Your smartphone will sometimes tell you it's short on memory unless you have it save data to an SD card. If you download lots of apps, movies and TV shows, and music, an Android smartphone with a memory card slot is a great way to save money. Instead of paying hundreds of dollars for added built-in storage, you simply spend about $20 on a 64GB microSD card.

But phones with an old operating system often fail to recognize that extra storage capacity. If you've ever received the dreaded "Insufficient Storage Available" message when trying to save a photo or update an app, you're familiar with this issue.

This annoying problem has been fixed on smartphones that run Android 6.0 (Marshmallow). But for the vast majority of Android phones, data is stored in the device's internal memory by default.

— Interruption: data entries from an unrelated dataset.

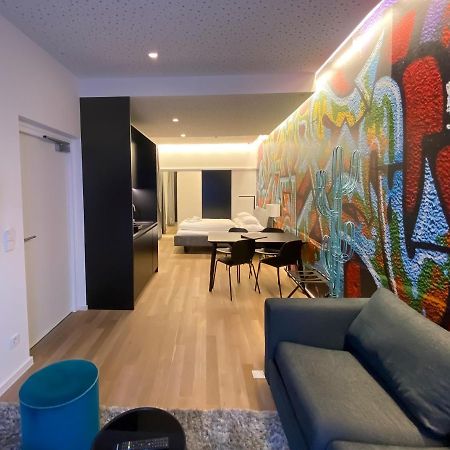 Blackhome Graz I Contactless Check-In 外观 照片
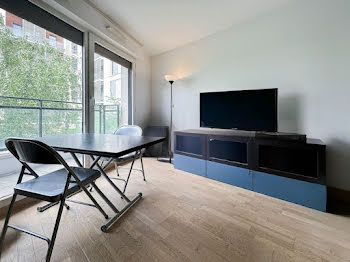 appartement à Colombes (92)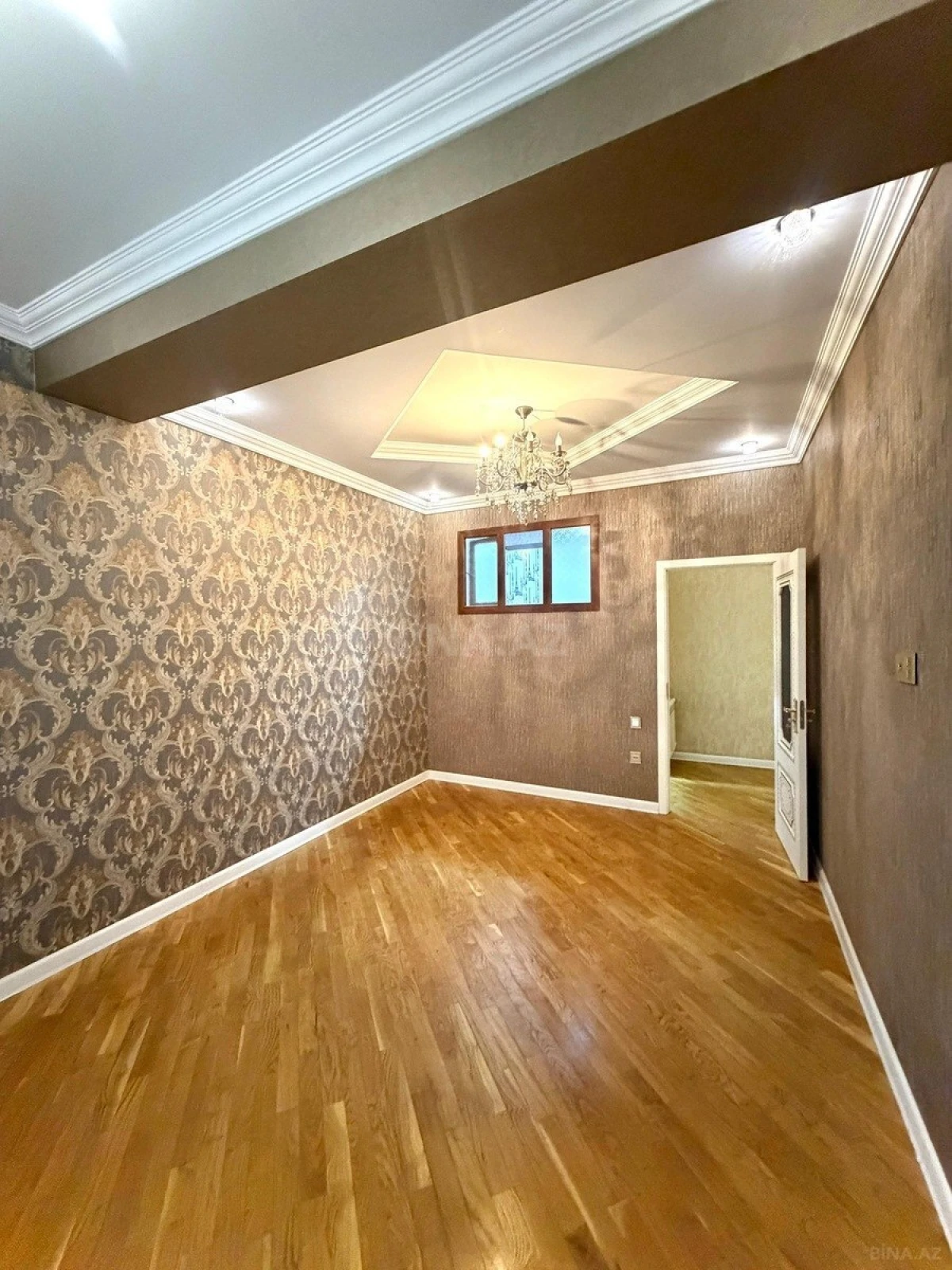 Satılır 3 otaqlı mənzil 76 m²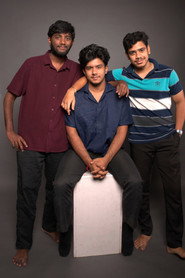 Paruchuri Venu
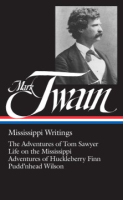 Mississippi_writings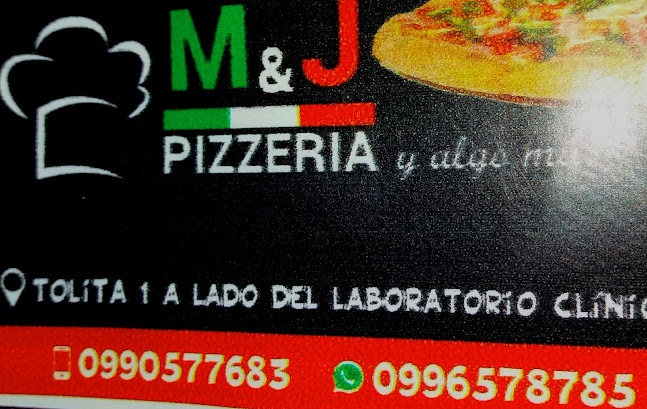 Pizzeria J&M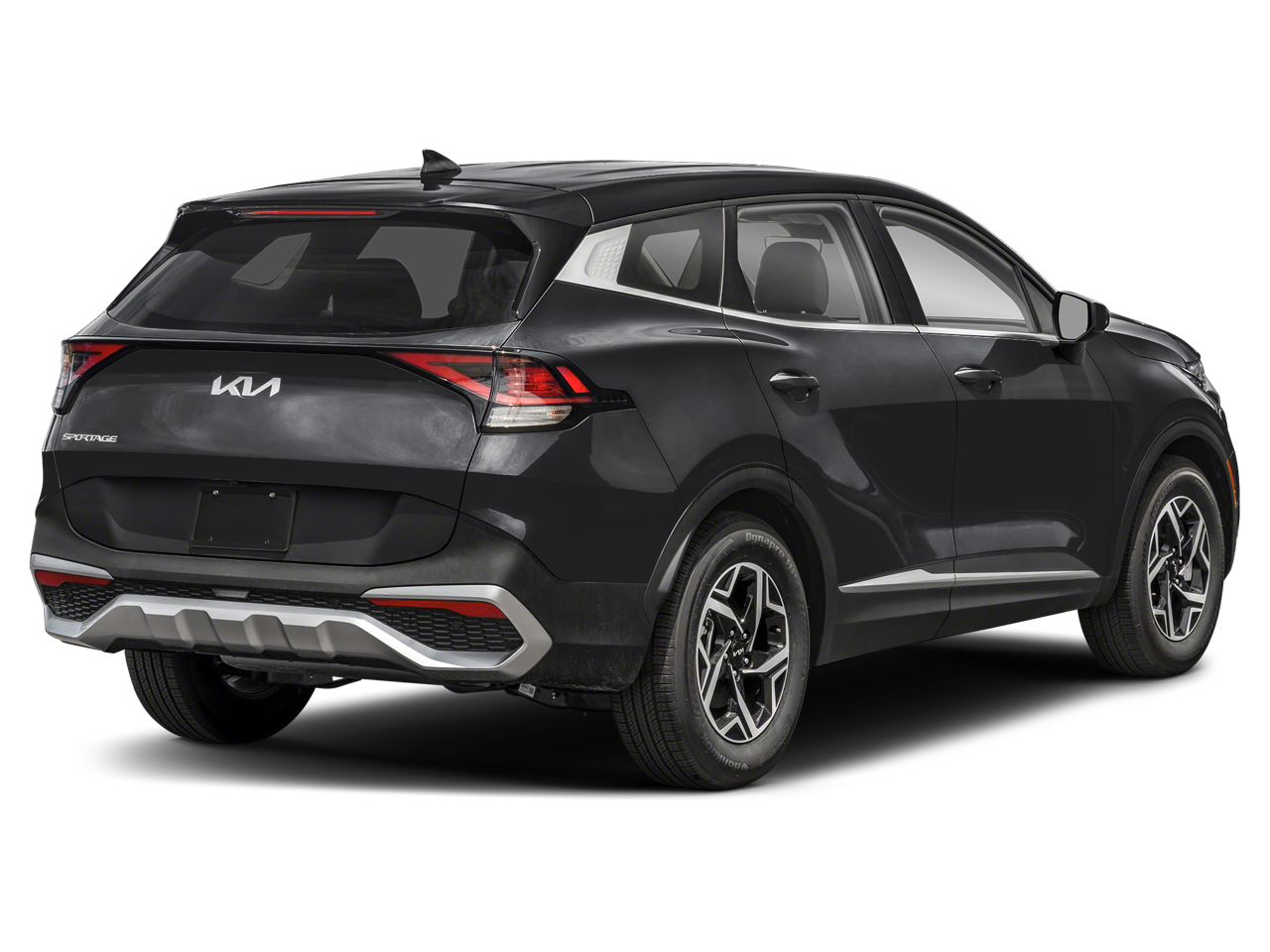 Used 2025 Kia Sportage LX with VIN 5XYK2CDF1SG315826 for sale in Kansas City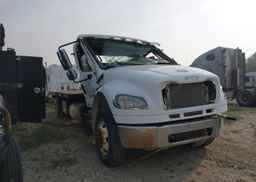 2008 FREIGHTLINER M2 106 MEDIUM DUTY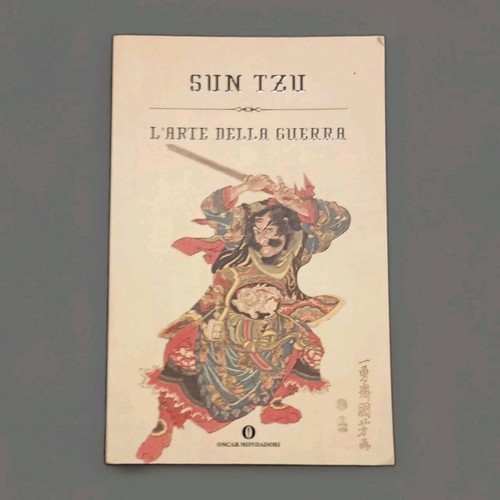 Sun tzu arte della guerra - tzu,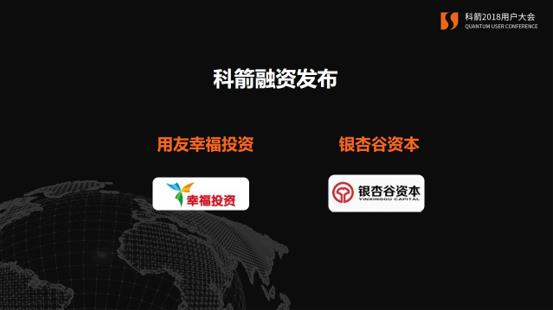 數字化轉型時代看科箭如何重構供應鏈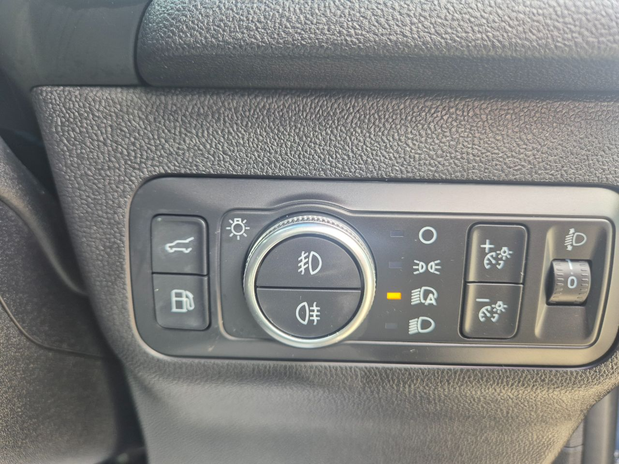 Ford Kuga ST-Line PHEV 225 CVT 14.4kWh Auto 24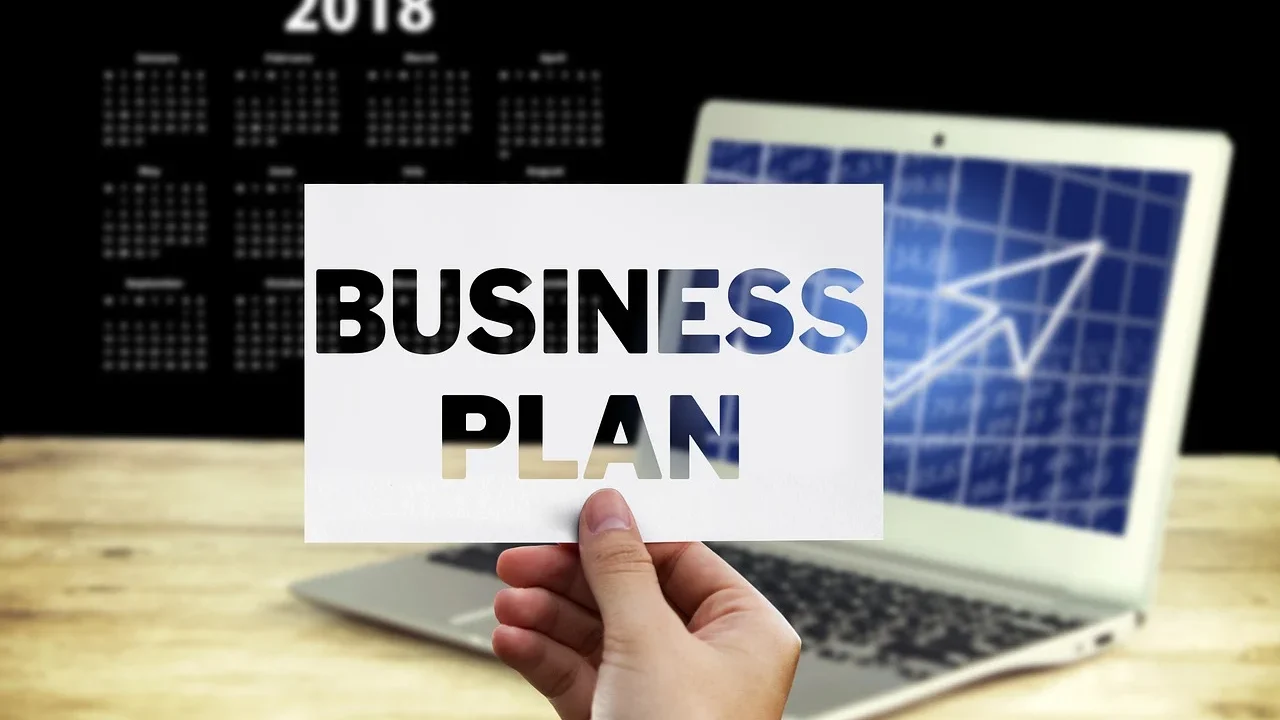 Office Team Business Strategy Success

Here's what you need to know to fix the issue.

Application Management

To move some apps to a memory card, open the Settings menu by pulling down the notifications bar at the top of your screen and hitting the little cog-like icon on the upper left.

Now tap the Application manager, which lists the apps on your phone. (Typically, the default view shows them all, but the roster might be filtered to include only those that are running or disabled, etc.)

When you open an app on the list, you should see a Move to SD button at the bottom of the screen. Push it. That will trigger the phone to move that app and/or the data files associated with it from internal memory to the microSD card. Once the task is completed, the button will change, allowing you to move everything back to the phone if you choose.

As you go through the process, you’ll notice that many apps cannot be moved. That’s okay, because app files are generally small—several hundred kilobytes or maybe a few megabytes. But the data files that are linked to them, particularly multimedia files, do migrate, and those can be much larger.

Case in point: The Vudu movie-playing app on my LG G3 takes up just 37MB of storage, but the copy of “Ant-Man” I downloaded with it gobbled up more than 800MB of storage.
One way to avoid the insufficient storage available warning (left) is to shift file saves to an SD card via the Application Manager in Settings.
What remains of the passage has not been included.